2. Ingenieur der ASFINAG
Der leitende Prüfungsingenieur der Luegbrücke ist sichtlich verliebt in sein Bauwerk. Mit dem Gestus eines Dombaumeisters klettert er ins Innere des Tragwerks und leuchtet anschließend Risse und Abplatzungen aus.
Die abgebröckelten Betonteile werden mit handwerklicher Kennerschaft betastet, wie man andernorts vielleicht mit der Hand über verwitterte Statuen fährt.
Die Brücke wäre für 80 Jahre ausgelegt, seufzt er, aber man hat sie vorzeitig zu Tode geritten. Jetzt ist ein Nottragwerk unter das Original geklemmt, wenn die Brücke zusammenbricht, fällt sie zwei Zentimeter tief auf das Reservewerk.
3. Getränkespediteur im Transit
Ein Spediteur aus Bayern liefert frisches Bier nach Südtirol. Wegen der Blockabfertigung dauert es länger, er kommt wegen der Ruhezeiten nur bis Sterzing, wo er abgelöst wird.
Nachdem er den Aufleger getauscht hat und jetzt Getränke aus Italien nach Bayern karrt, sinniert er über Alternativen.
Die rollende Landstraße bringt nur homöopathische Lösung. Aber auch die Aufhebung des Nachtfahrverbotes für LKW würde nichts bringen. Dann wären halt ein paar Millionen mehr unterwegs, behauptet er.
4. Bürgermeister unter der Brücke
Der Bürgermeister von Gries hat jahrelang für einen Tunnel gekämpft und ist gescheitert. Jetzt ist er gar der Buhmann, weil er den Brückenbau verzögert hat durch Einsprüche.

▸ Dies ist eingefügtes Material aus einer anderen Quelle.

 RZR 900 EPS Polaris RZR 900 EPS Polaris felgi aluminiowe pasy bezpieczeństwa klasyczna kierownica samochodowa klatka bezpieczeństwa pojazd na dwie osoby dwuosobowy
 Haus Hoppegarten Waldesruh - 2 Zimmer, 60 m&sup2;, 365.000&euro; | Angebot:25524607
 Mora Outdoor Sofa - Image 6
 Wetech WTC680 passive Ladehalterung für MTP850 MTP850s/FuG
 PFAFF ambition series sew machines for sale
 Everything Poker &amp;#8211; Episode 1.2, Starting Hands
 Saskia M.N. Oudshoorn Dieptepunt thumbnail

Dabei ist die Schlacht längst verloren. 14 Millionen PKW pro Jahr sind physikalisch, biologisch und klimatisch gesehen jenseits aller Erträglichkeit, ist er der Ansicht.
5. Hotelier aus Luttach im Ahrntal
Der Hotelier aus dem Luxusressort in Luttach lässt ein paar typische Grüßgottformeln in Richtung Gäste ab, ehe er in die Kamera seine Bedenken äußert.

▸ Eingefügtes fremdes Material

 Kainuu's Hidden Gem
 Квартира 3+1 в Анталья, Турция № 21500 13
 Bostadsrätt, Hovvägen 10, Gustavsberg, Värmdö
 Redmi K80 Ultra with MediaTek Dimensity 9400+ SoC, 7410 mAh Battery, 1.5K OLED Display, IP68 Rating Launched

Schon jetzt hat er einen Buchungsrückgang, weil seine Gäste aus Deutschland befürchten, am Brenner im Stau zu stehen. Salvini hat die EU-Klage gegen Österreich eingebracht, denn man kann nicht einfach den Transithahn abdrehen ohne europäischen Kontext.
Bilanz:
Niemand hat eine Lösung, allen ist es zu viel. Deshalb reagiert man wie immer, man restauriert und macht weiter, wie man ja auch Notre Dame restauriert hat und weitermacht im Glauben an eine Madonna, deren Segenskraft nicht beweisbar ist.